Passover begins on the 15th day of the month of Nisan (March or April in Gregorian calendar); the first month of the Hebrew calendar’s festival year according to the Hebrew Bible. These holy days and festivals commemorate the biblical event of the Hebrews’ escape from enslavement in Egypt.
In the narrative of the Exodus, the Bible tells that God inflicted ten plagues upon the Egyptians before Pharaoh would release his Hebrew slaves. The Hebrews were instructed to mark the doorposts of their homes with the blood of a spring lamb and, upon seeing this, the spirit of the Lord passed over these homes—hence the term “passover”.

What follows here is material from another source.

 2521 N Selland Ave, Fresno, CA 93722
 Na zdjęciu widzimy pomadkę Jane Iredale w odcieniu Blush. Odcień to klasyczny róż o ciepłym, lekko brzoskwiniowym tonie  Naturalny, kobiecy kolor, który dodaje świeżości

When Pharaoh freed the Hebrews, it is said that they left in such a hurry that they could not wait for bread to rise. In commemoration, for the duration of Passover, no leavened bread is eaten, for which reason, Matzoh (flat unleavened bread) is the primary symbol of the holiday.
This year, Passover begins on Monday evening, 29 March and four days later, it is Good Friday and then Easter Sunday, the day when Jesus was said to have been resurrected. Easter is linked to the Jewish Passover by much of its symbolism, as well as by its position in the calendar.
Today, while Easter is one of the holiest periods of the Christian calendar, everyone is welcome to eat chocolate bunnies and have Easter egg hunts to celebrate the holiday with no religious connotations.
Passover is celebrated by the Seder, or order of the meal and reading of the Haggadah, the story of Passover and the service. Each family member and guest play a part in this service and it has been ever thus in recorded history.
In the European tradition, the seder meal begins with gefilte fish, then goes on to chicken soup with matzoh balls, then roast chicken, beef brisket, a market garden of vegetables, and concludes with light-as-air sponge cake, fruit and tea.
But there are traditional seder meals besides those nurtured in Europe, such as Asian, Mediterranean, and Middle Eastern traditional seders.
In New York, a most interesting seder is being hosted by Mia-Rut. She can be frequently found writing about cooking and eating on Jew and the Carrot [www.jcarrot.org], and Jewcy [www.jewcy.com]. Though she fancies herself ‘an accidental writer’, Mia-Rut is currently completing a book on her conversion to Judaism through food entitled “Eating My Way Towards Judaism.”
Mia-Rut says, “the menu will be a meat kosher-for-passover-style meal adhering to a Sephardi definition of kitnyot. We will be starting at 6:00 p.m. with a fun and inclusive Haggadah, so even if you have no idea what I’m talking about, don’t worry because everyone can participate and if nothing else, the food will be great.
She has chosen a delectable menu:
“Gefilte” fish (for those who hate the smell of fish)
Vegan-friendly Matzoh Ball Soup
Preserved Lemon Lamb Tagine
Syrian “Crusty” Rice
Winter Vegetable Ratatouille
Sweet and Sour Stuffed Cabbage
Duck Bacon Collard Greens
Chocolate Quinoa Pudding with Blood Orange Sorbet
Honey Tahini Cake
That’s one Passover Seder dinner I am sorry to miss.